Brief:
Reproduce the records that follow in full, excluding any picture they contain.

------------------------

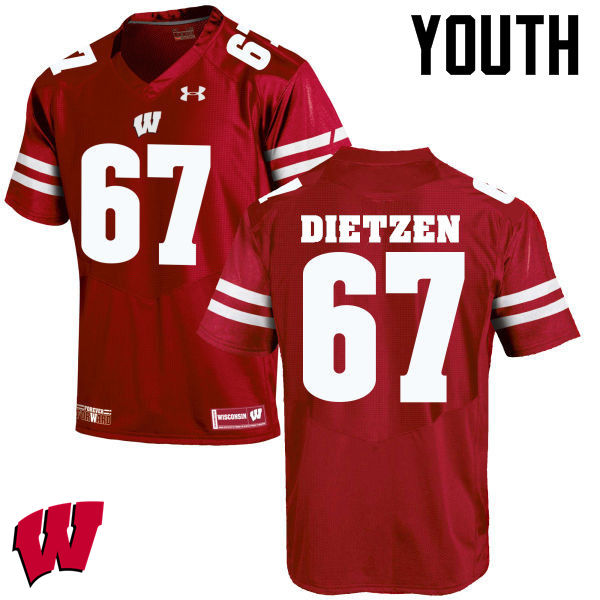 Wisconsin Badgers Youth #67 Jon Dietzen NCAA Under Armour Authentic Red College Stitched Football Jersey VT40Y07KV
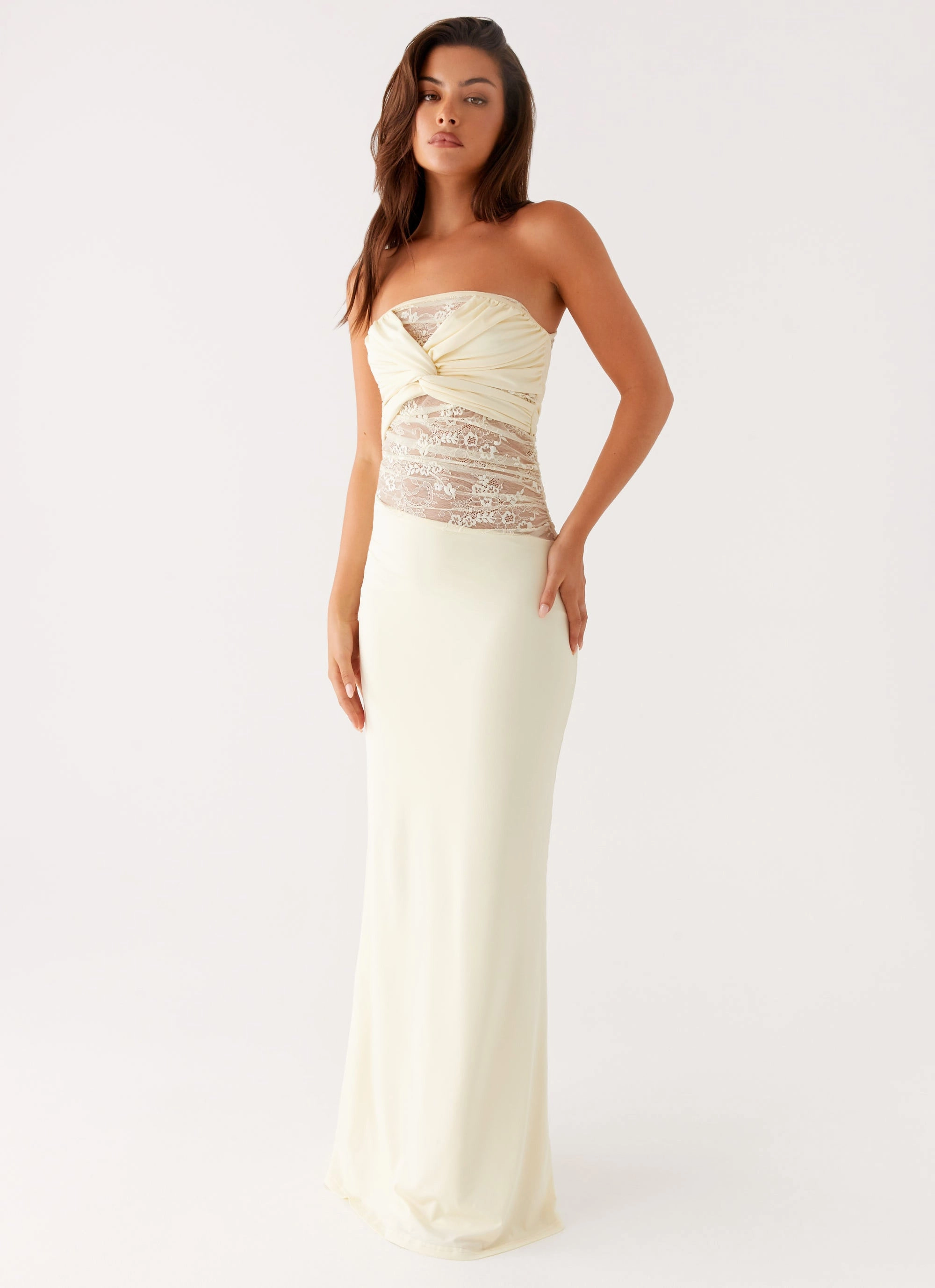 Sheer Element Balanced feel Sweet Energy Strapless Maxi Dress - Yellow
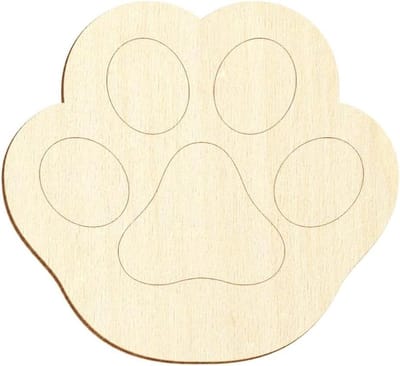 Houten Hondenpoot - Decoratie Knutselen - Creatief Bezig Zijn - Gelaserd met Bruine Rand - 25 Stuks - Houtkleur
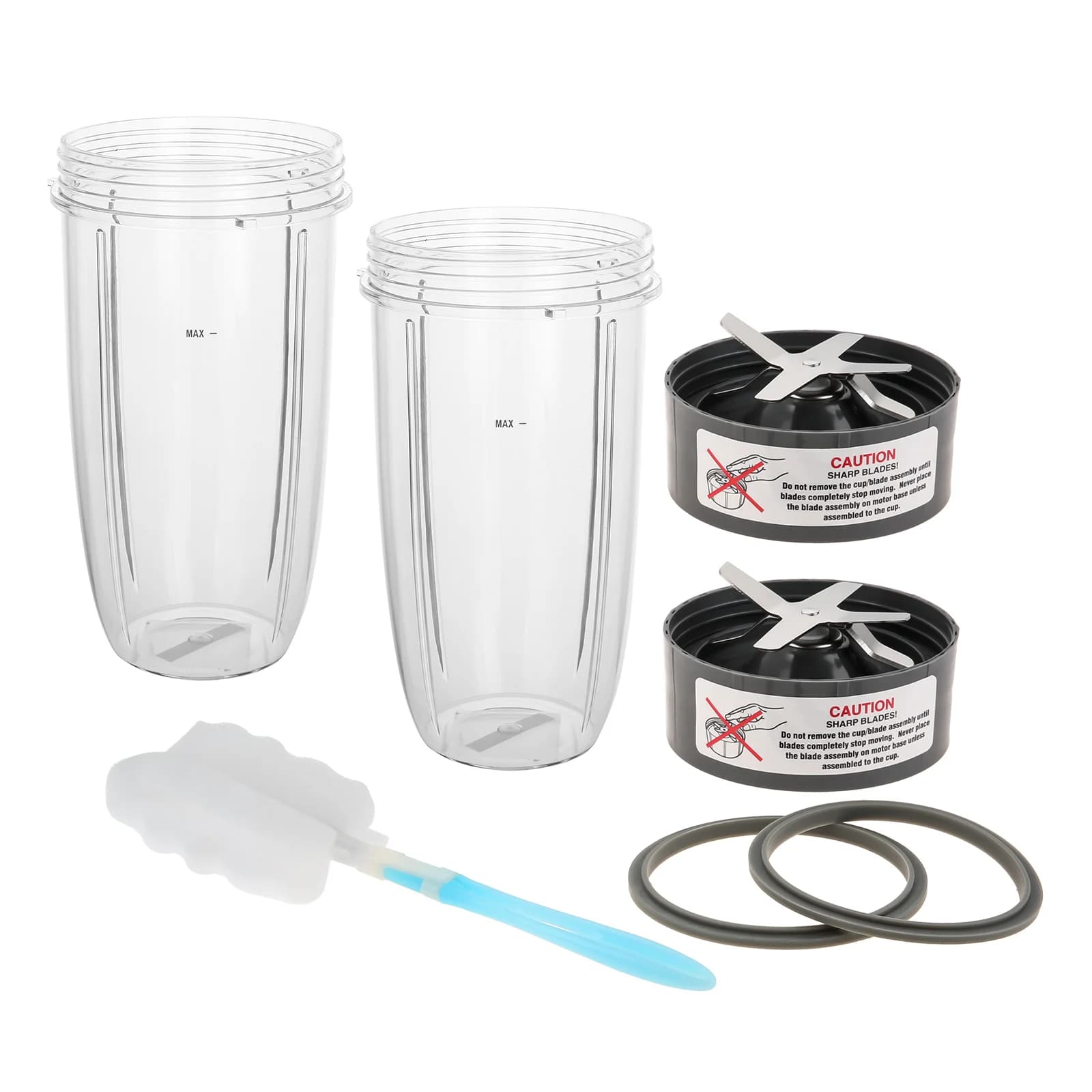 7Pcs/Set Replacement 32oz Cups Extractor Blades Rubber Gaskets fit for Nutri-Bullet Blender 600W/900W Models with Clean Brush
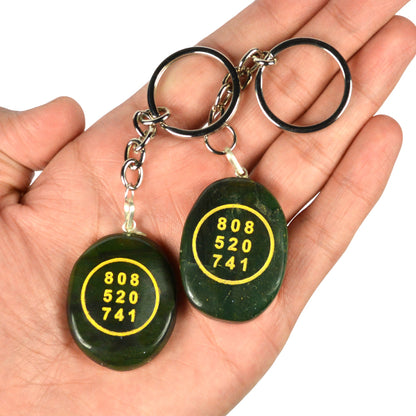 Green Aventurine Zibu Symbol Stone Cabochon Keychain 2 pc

------------------------

Exercise solution:
 Wisconsin Badgers Youth #67 Jon Dietzen NCAA Under Armour Authentic Red College Stitched Football Jersey VT40Y07KV
 Sheer Element Balanced feel Sweet Energy Strapless Maxi Dress - Yellow
 Houten Hondenpoot - Decoratie Knutselen - Creatief Bezig Zijn - Gelaserd met Bruine Rand - 25 Stuks - Houtkleur
 7Pcs/Set Replacement 32oz Cups Extractor Blades Rubber Gaskets fit for Nutri-Bullet Blender 600W/900W Models with Clean Brush
 Green Aventurine Zibu Symbol Stone Cabochon Keychain 2 pc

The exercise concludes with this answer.